These successes notwithstanding, there are still significant gaps within the global development space. Hundreds of millions of people across the globe still live in extreme poverty and suffer malnutrition, gender inequality still persists, while global emissions of carbon dioxide have increased by over 50% since 1990.
Now to bridge these gaps, we have the new Sustainable Development Goals, which become applicable in January 2016.
With 17 proposed goals and 169 targets, the SDGs, which are the product of a process that has been described as the “largest consultation programme in the UN’s history”, are far more comprehensive than the MDGs were. The SDGs will serve as a focal point for governments to hinge their policies to end poverty and hunger, ensure access to affordable and sustainable energy for all, build resilient infrastructure, combat climate change and its impact, and promote rule of law and equal access to justice for all, amongst others.
In Africa, the quest for “home-grown” solutions to the continent’s challenges has also spurred a lot of work in articulating a post-2015 development agenda which builds on the past achievements and challenges (of the MDGs) and takes into account the continental and global context.
Under the leadership of the African Union (AU) for example, the seven aspirational goals of Agenda 2063 – “for the Africa we want in the next fifty years” – according to the Assembly of the AU, and the six pillars of the Common African Position on the Post-2015 Development Agenda are expected to provide a solid foundation for the soon-to-be-unveiled African Development Goals (ADGs) which are expected be in sync with the SDGs, and implemented pari passu.
The debate on financing the SDGs
The question now is, “How will countries finance the SDGs?” In the case of the MDGs, the goals were first drawn up largely within the UN system, and the debate and work on financing them came afterwards. Many may argue that this approach constrained the MDGs’ major sources of funding to Official Development Assistance (ODA). ODA from developed countries saw an increase of 66% in real terms from 2000 to 2014, reaching $135.2 billion annually, according to the UN.
In contrast, the debate and work on financing the SDGs have been taking place in parallel with the development of the SDG goals and targets themselves. Actually, “strengthening the means of implementation (i.e. financing) and revitalising global partnerships…” is one of the seventeen goals.
So this ongoing debate on financing augurs well for the implementation of the SDGs, particularly in the sense of how to bring the financing of poverty eradication together with the financing of climate change mitigation and adaptation. According to the World Bank, extreme weather events resulted in losses of just over $3 trillion globally between 1980 and 2012, placing several communities at risk of poverty. Nearly 50% of all emergency multilateral food assistance to Africa is due to natural disasters, mainly drought, according to African Risk Capacity (ARC).
Therefore to prevent the reversal of decades of work towards ending poverty, climate change must be given due consideration. “We do not need to choose one or another”, according to the New Climate Economy Report of the Global Commission on the Economy and Climate (GCEC). Both can and must be solved together.

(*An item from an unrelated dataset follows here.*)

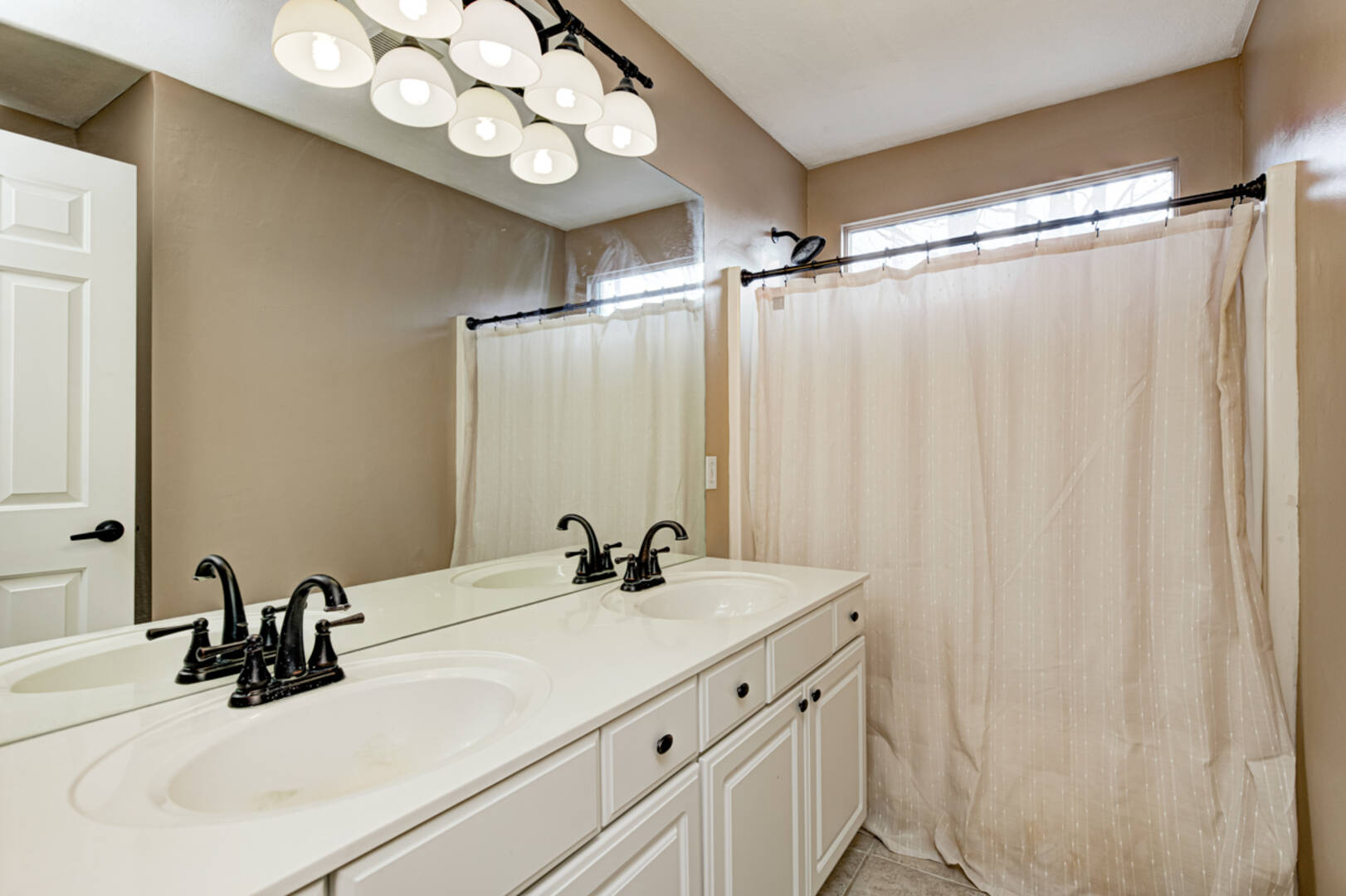 12214 Ridgeside Rd., Indianapolis, IN 46256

But what really brings poverty eradication and climate change together is the cross-cutting importance of infrastructure. Better water, health, agriculture, education, and energy infrastructure will make a huge difference to poverty eradication.
At the same time, alternative energy sources and a low carbon infrastructure development pathway will make a huge difference to the pace and impact of climate change. Thus, bringing solutions to poverty eradication and the maintenance of a 2oC limit to global warming by the end of the century can be made possible through the right kind of infrastructure investments.
The cost of attaining the SDGs’ infrastructure targets by 2030 is estimated by the GCEC at about $90 trillion but when we integrate climate risk into these investments by choosing a low carbon and climate resilient path, we need an additional $4 trillion in investment, according to the GCEC. Thus for an incremental 5% in additional cost we can bring solutions to our objectives of climate resilience and poverty eradication.
Mobilising finance resources
The financial resources required to achieve the SDGs are certainly enormous, as studies by the World Bank Group and other Multilateral Development Banks (MDBs) and the GCEC have shown. Infrastructure investment – which accounts for about 80% of the total financing of the SDGs – will require over $6 trillion per year (totalling $90 trillion over 15 years) but current global spending is estimated at around $1.7 trillion. So there is already a huge funding gap, much of which will be borne in emerging and developing countries since they account for about 60% of the global infrastructure needs.
Assuming that savings, foreign direct investment and official development assistance stay at their 2014 level, the African Union Commission and the Economic Commission for Africa (AUC-ECA) estimate that the additional financial resources required to reduce poverty in Africa by half, range from $48 billion (to halve poverty by 2030, with inequality remaining constant) and $246 billion (to halve poverty and inequality simultaneously) per year between 2015 and 2030. Therefore, there needs to be a paradigm shift in how development is financed. Annual ODA of about $135 billion is too meagre and erratic in nature, even though it remains an important source of funding for low-income countries. However, domestic resource mobilisation (DRM) is the key source of funding development. DRM of emerging and developing economies amounted to $7.7 trillion in 2012, which means that developing countries now receive over $6 trillion more each year than in 2000, according to the World Bank 2013 report on Financing for Development Post-2015.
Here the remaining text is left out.